This summer, our extended family will gather on Chappaquiddick for a long-overdue reunion. We’re flying in to reconnect with each other, and to introduce my four grandchildren to the island. They’re finally going to see why this tiny spot takes up such a big space in our hearts.
I fell in love with Chappy as a summer kid in the 1950s, when our family would spend July on the island.
I can still hear the thump-thump of the wooden gangplank as our 1949 Ford would back off the Chappy Ferry at our arrival each year. In those days, the little ferry only had a propeller at the stern, so the cars would drive forward to go aboard, and then back off.
“Straight back,” the ferryman would shout. “Straight back, now.” If the tide was low, backing the car up that gangplank was a challenge. My father would gun the engine and ride the clutch, and up we’d go.
We were on Chappy! A mile down the blacktop road was the turnoff to North Neck, and a sandy road into another world. There was no electricity at the two old houses we rented — one for us, and one for the parade of aunts and uncles and cousins and friends who would join us for one-week stays.
“They help us pay the rent,” my mother would explain whenever my brother or sister or I complained about “too much togetherness.” And in fact, our visitors were part of the magic that made Chappy such a different world.

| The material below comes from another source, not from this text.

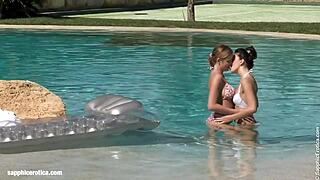 BILLY AND JAQUELIN EATING EACHOTHER OUT AS LESBIANS!!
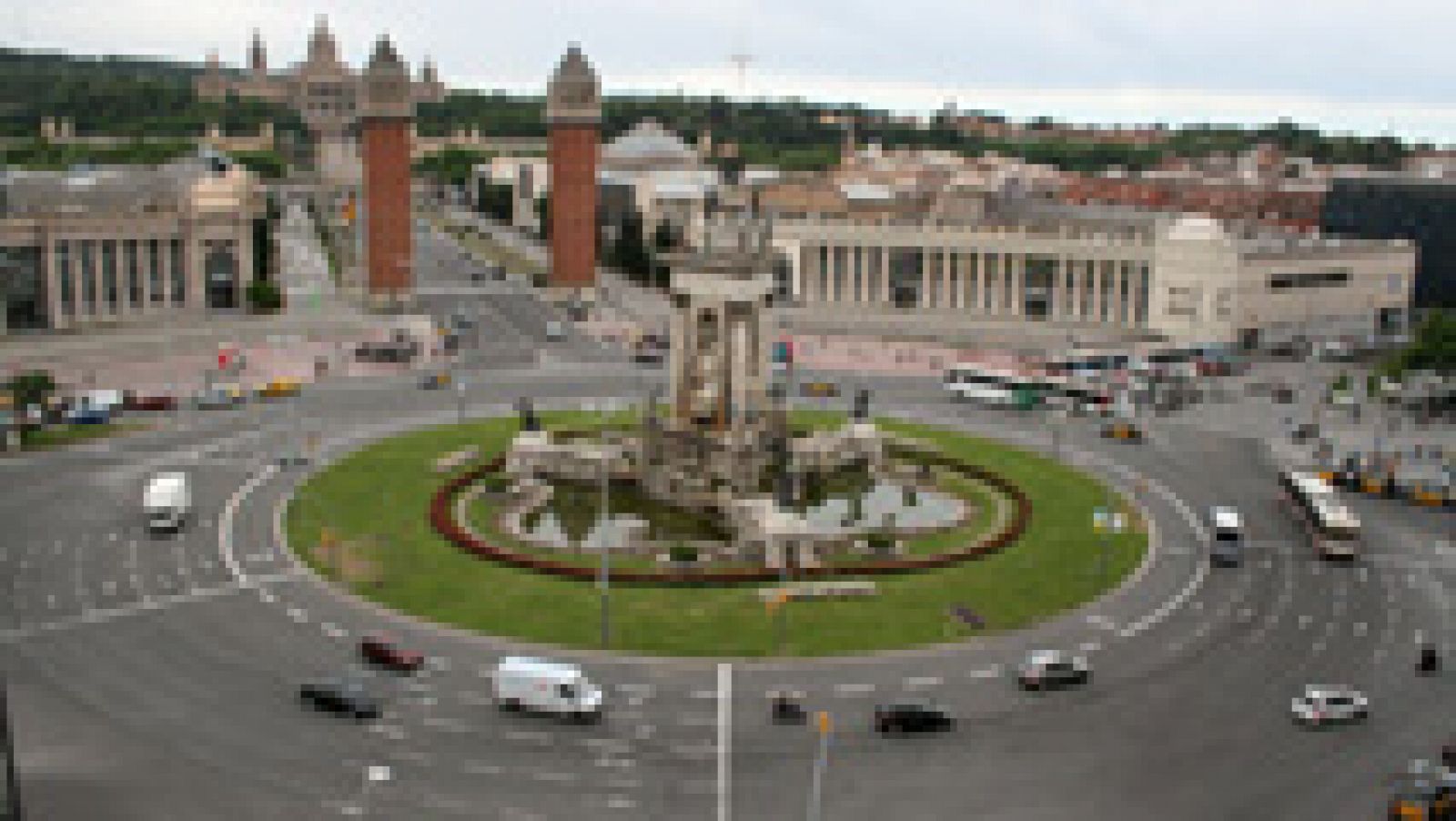 Los coches de más de 20 años no circularán los días laborables por Barcelona desde 2019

Supper was not a quiet affair. There were often 15 of us at the table. And it didn’t end with, “Now you kids go do your homework.” Sometimes, it didn’t seem to end at all.
It was often a moveable feast, as Hemingway said, beginning at the house with the big front porch for cocktails, migrating to the house with the big dining room for supper, moving into the kitchen to light the kerosene lamps and wash the dishes, and ending up with a nightcap on the porch again, watching the last of the sunset.
The grownups were different at Chappy. And it wasn’t just the alcohol.
On the island, the men had a chance to work through some of the trauma they had just experienced in World War II. This did not involve modern psychology. They worked on it with rusty putty knives, scraping and caulking two old rowboats and a Frostbite sailing dingy that needed to be refurbished each year.
Hanging in the air, with their cigarette smoke, was the unspoken memory of the man who had not come home from the war.
“You kids go catch some scup,” the men would say when the rowboats were ready. Smiling, they watched us row away with our favorite adult, the young widow of the missing man. Her name was Eleanor, and she loved to spend time with us kids. My Mom always invited her to stay for two weeks, instead of one. She said it was because Eleanor was so much fun, but we knew there were other, grownup reasons.
The men didn’t talk much as they worked, but the women sure did. They chatted as they peeled potatoes; they laughed as they took us kids skinny-dipping before breakfast; they sang as they herded us into the kitchen to help wash the supper dishes.
My mother, especially, was transformed by being on Chappy. She had discovered the island during the war. My dad was fighting in the Pacific, and my mom’s sister invited her to come to Chappy with her little boy, my older brother. The island became her safe place in a frightening world.
This, too, was unspoken during our summers in the 1950s, but we could always see a change come over her when the car turned down the sandy road toward Cape Pogue Pond, and peace.
As our family reunion draws near, I realize that I’ve been hoping it will carry my grandchildren “straight back,” as the ferryman said, to the Chappy I loved as a boy. But no: We’re going to drive off the ferry straight ahead this time, into a changed world. My grandchildren are going off on their own adventure, to discover their own Chappy.
I just hope it includes scup for breakfast, and skinny-dipping.
Tom Harmon is a writer who lives in New Mexico.